#### [Your instructions]
If you see a picture in the data below, omit it and copy the rest exactly.

#### [Captioned web images]
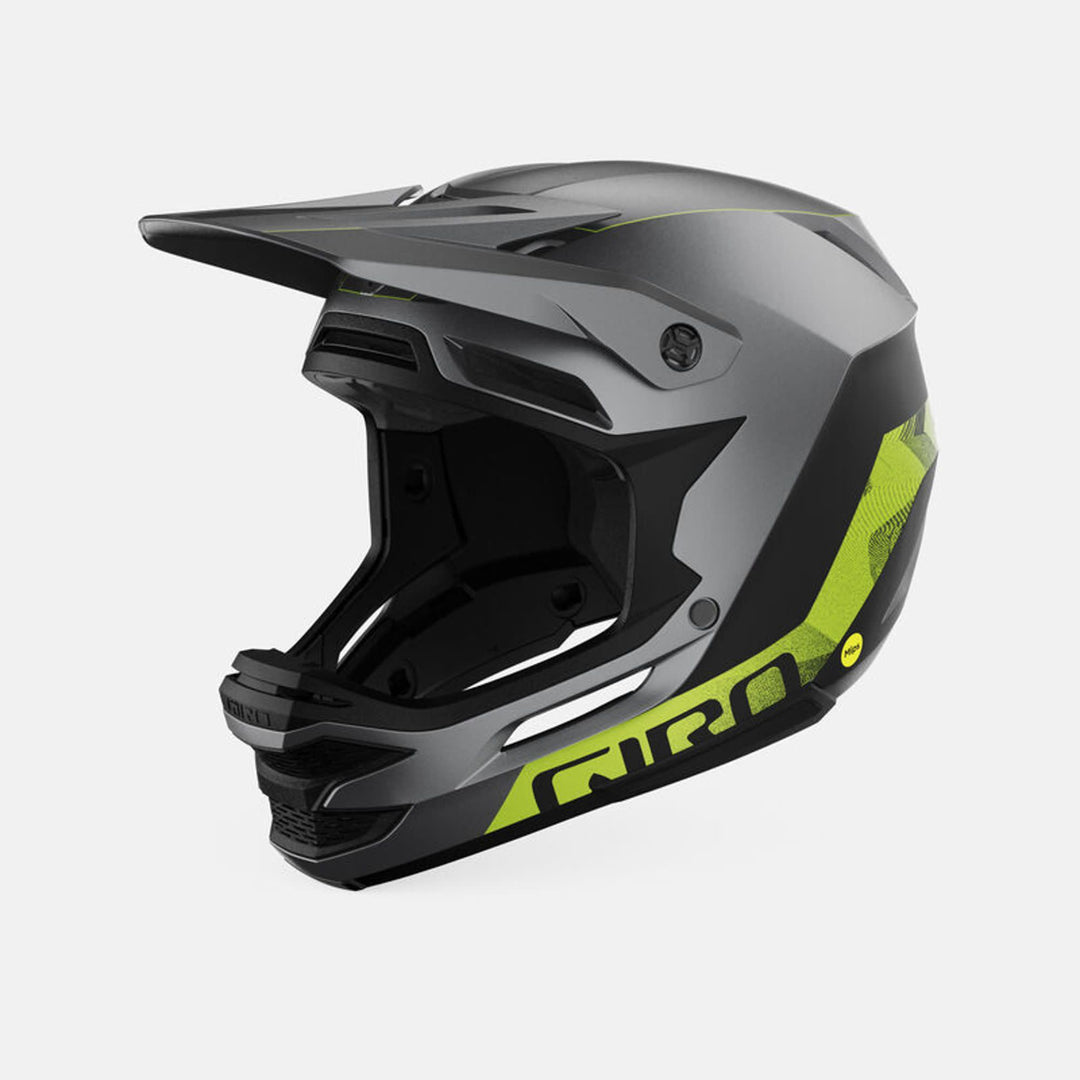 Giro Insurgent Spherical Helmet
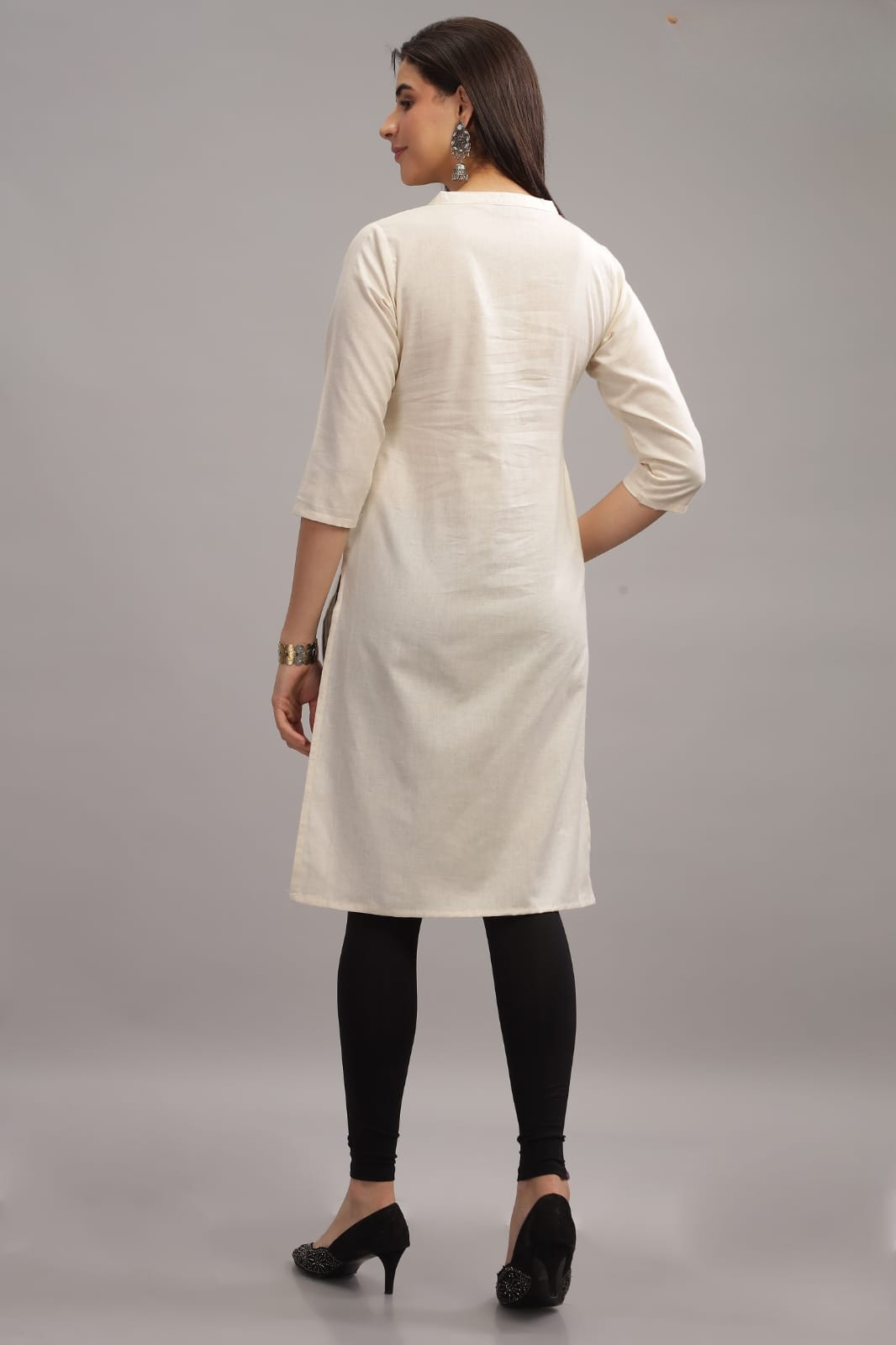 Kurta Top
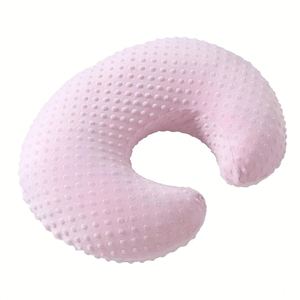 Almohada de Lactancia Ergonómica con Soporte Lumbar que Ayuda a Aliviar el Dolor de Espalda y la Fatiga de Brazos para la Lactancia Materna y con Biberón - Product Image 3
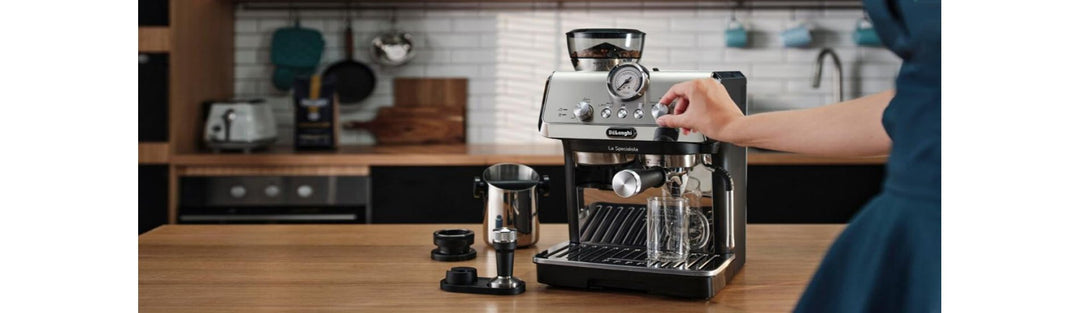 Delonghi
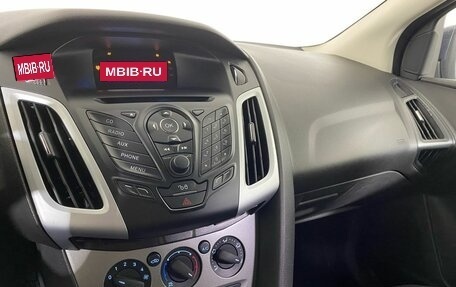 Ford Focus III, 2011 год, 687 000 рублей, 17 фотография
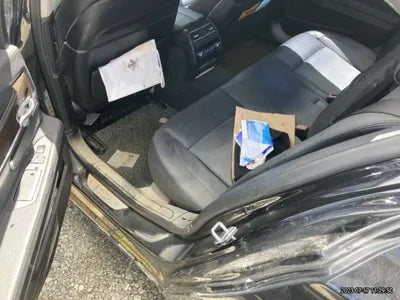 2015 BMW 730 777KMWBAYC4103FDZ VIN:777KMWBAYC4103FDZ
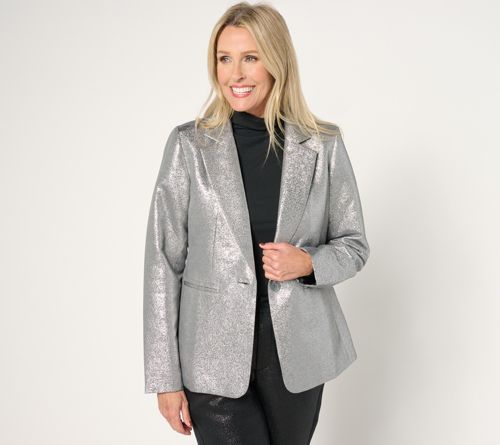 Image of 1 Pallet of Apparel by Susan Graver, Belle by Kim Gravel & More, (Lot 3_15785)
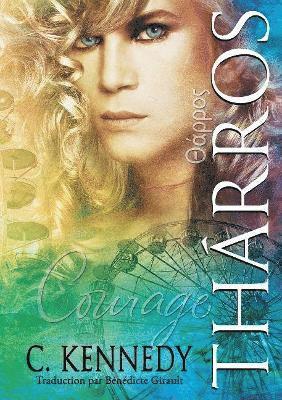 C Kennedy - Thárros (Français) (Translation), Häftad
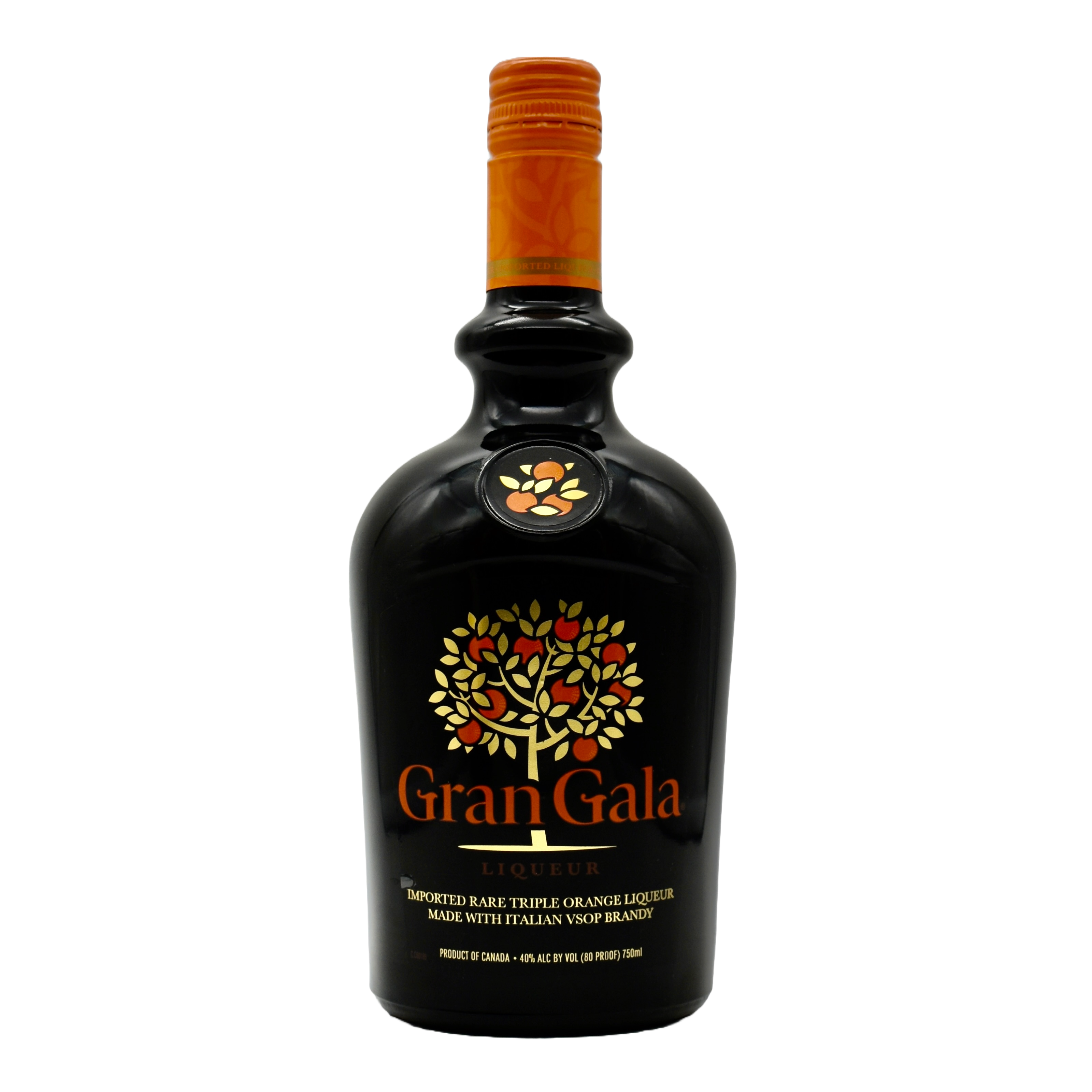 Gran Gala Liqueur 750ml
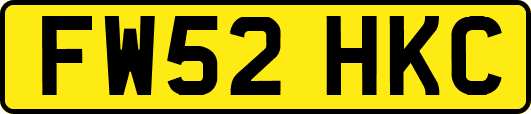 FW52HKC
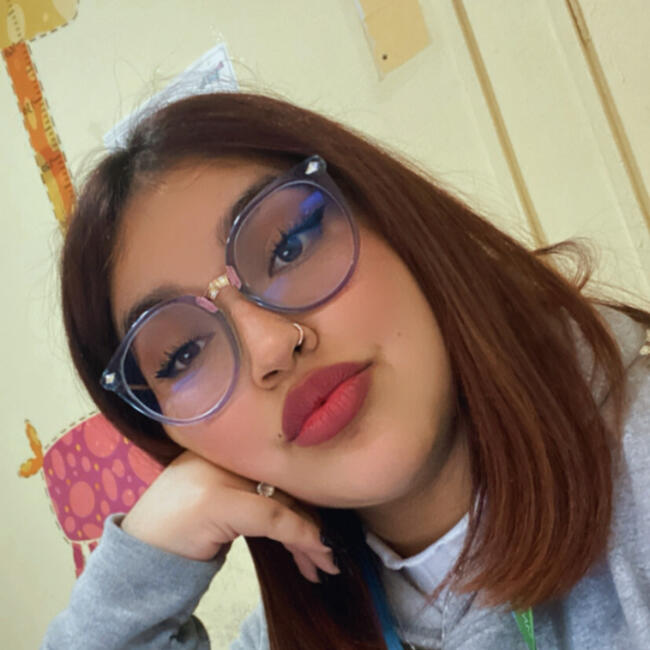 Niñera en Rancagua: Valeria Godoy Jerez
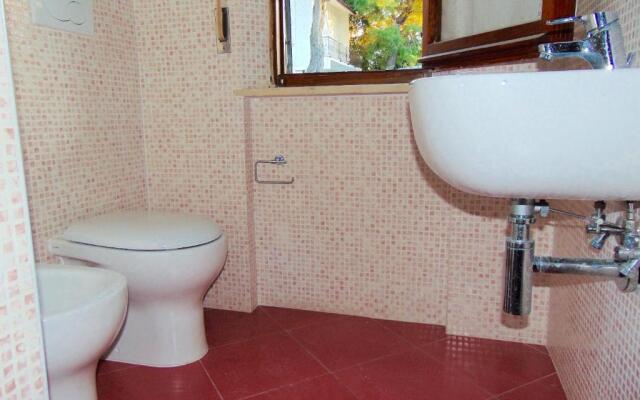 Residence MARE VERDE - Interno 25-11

#### [Response area]
 Giro Insurgent Spherical Helmet
 Kurta Top
 Almohada de Lactancia Ergonómica con Soporte Lumbar que Ayuda a Aliviar el Dolor de Espalda y la Fatiga de Brazos para la Lactancia Materna y con Biberón - Product Image 3
 Delonghi
 Ford Focus III, 2011 год, 687 000 рублей, 17 фотография
 2015 BMW 730 777KMWBAYC4103FDZ VIN:777KMWBAYC4103FDZ
 Image of 1 Pallet of Apparel by Susan Graver, Belle by Kim Gravel & More, (Lot 3_15785)
 C Kennedy - Thárros (Français) (Translation), Häftad
 Gran Gala Liqueur 750ml
 FW52HKC
 Niñera en Rancagua: Valeria Godoy Jerez
 Residence MARE VERDE - Interno 25-11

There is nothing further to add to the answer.